● GIVEN RECORDS:
┄┄┄┄┄┄┄┄┄┄┄┄┄┄┄┄┄┄┄┄

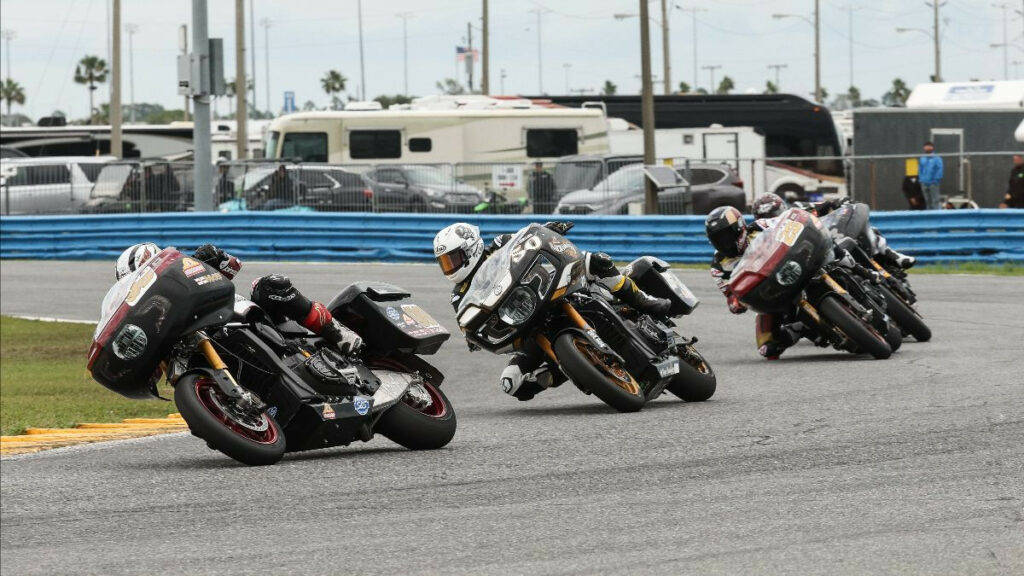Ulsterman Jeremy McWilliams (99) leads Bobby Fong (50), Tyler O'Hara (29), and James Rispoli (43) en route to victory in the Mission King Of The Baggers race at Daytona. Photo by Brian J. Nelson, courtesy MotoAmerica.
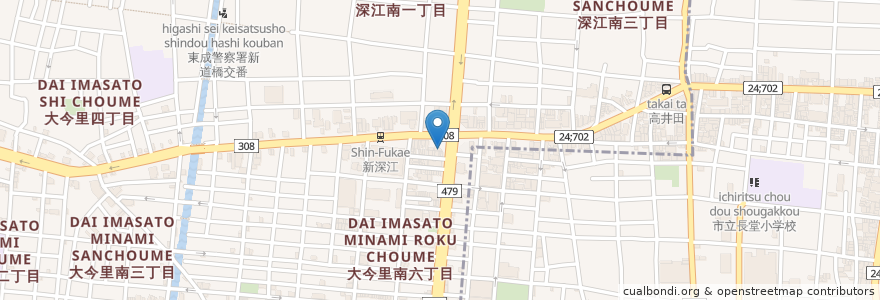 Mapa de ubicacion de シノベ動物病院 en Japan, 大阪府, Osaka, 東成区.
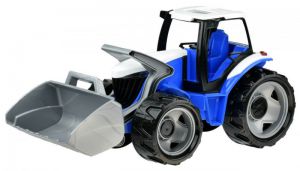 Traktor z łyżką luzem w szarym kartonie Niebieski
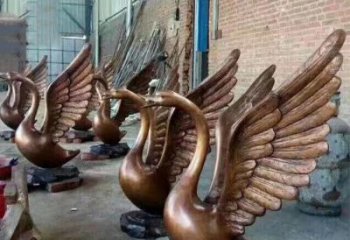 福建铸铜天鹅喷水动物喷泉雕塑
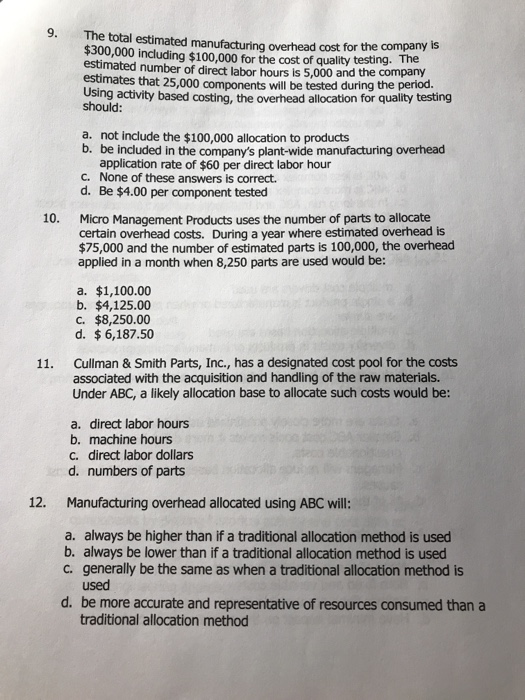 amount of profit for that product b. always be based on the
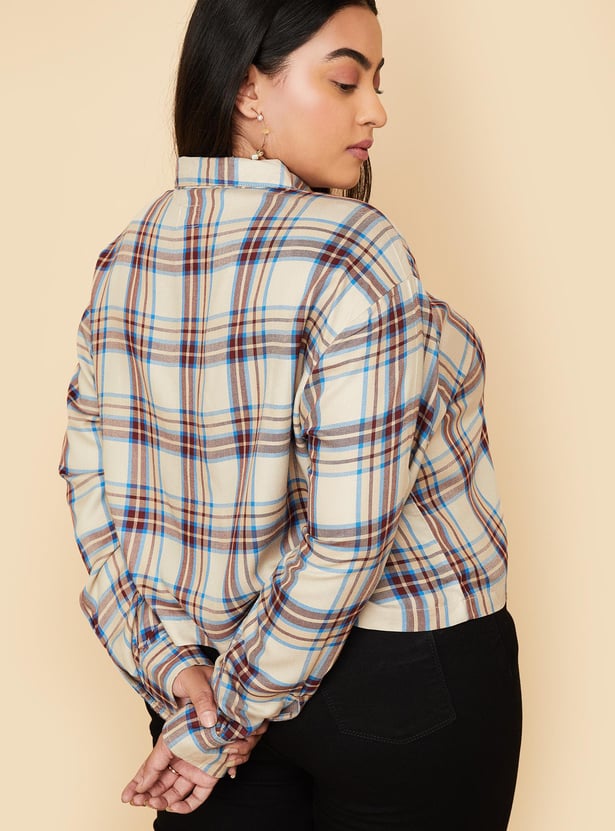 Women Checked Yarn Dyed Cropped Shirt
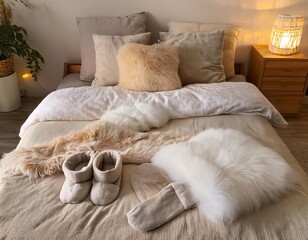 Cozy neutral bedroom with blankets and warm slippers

┄┄┄┄┄┄┄┄┄┄┄┄┄┄┄┄┄┄┄┄

● WORK REQUEST: Could you transcribe all of the data exactly, keeping every picture out of the copy?

● EXPECTED OUTPUT:
Ulsterman Jeremy McWilliams (99) leads Bobby Fong (50), Tyler O'Hara (29), and James Rispoli (43) en route to victory in the Mission King Of The Baggers race at Daytona. Photo by Brian J. Nelson, courtesy MotoAmerica.
 Mapa de ubicacion de シノベ動物病院 en Japan, 大阪府, Osaka, 東成区.
 Traktor z łyżką luzem w szarym kartonie Niebieski
 福建铸铜天鹅喷水动物喷泉雕塑
 amount of profit for that product b. always be based on the
 Women Checked Yarn Dyed Cropped Shirt
 Cozy neutral bedroom with blankets and warm slippers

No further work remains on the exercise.